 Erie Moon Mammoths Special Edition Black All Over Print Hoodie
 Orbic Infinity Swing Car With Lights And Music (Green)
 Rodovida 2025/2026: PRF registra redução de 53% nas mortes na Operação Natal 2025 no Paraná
-=-=-
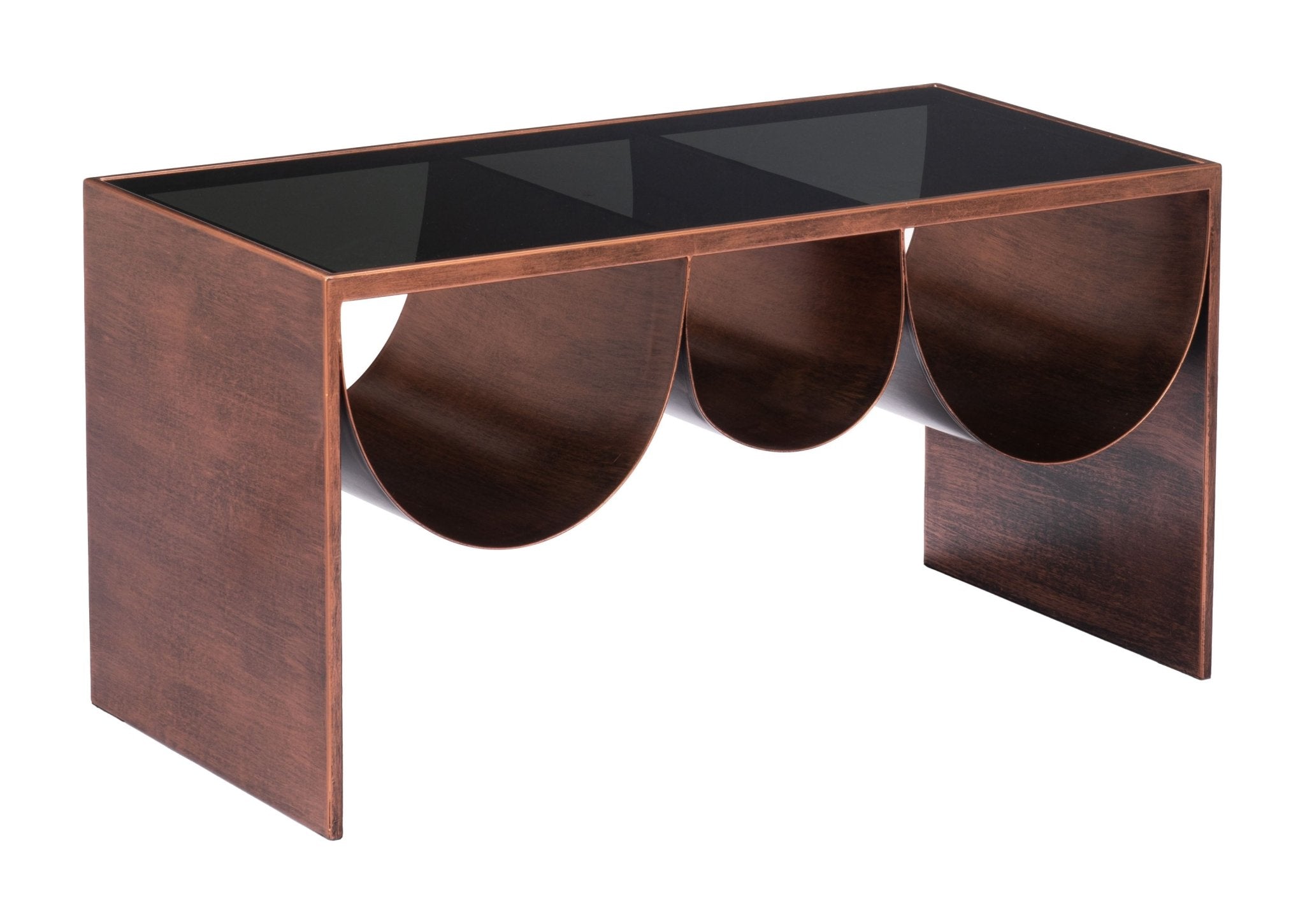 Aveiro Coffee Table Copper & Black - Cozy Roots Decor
-=-=-
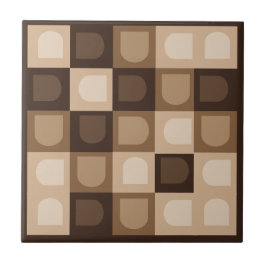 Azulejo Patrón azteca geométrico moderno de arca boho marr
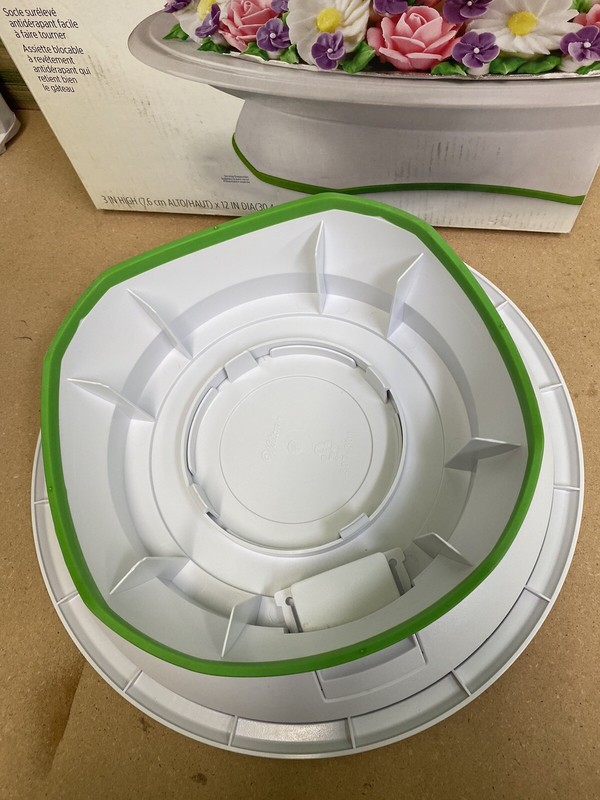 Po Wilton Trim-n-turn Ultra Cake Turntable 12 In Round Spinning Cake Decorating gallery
-=-=-
EXERCISE REQUIREMENTS →
From the listing above, output exactly the run of lines that starts with the line containing "Orbic Infinity Swing" and ends with the line containing "Rodovida 2025/2026: PRF".

ANSWER BELOW →
 Orbic Infinity Swing Car With Lights And Music (Green)
 Rodovida 2025/2026: PRF registra redução de 53% nas mortes na Operação Natal 2025 no Paraná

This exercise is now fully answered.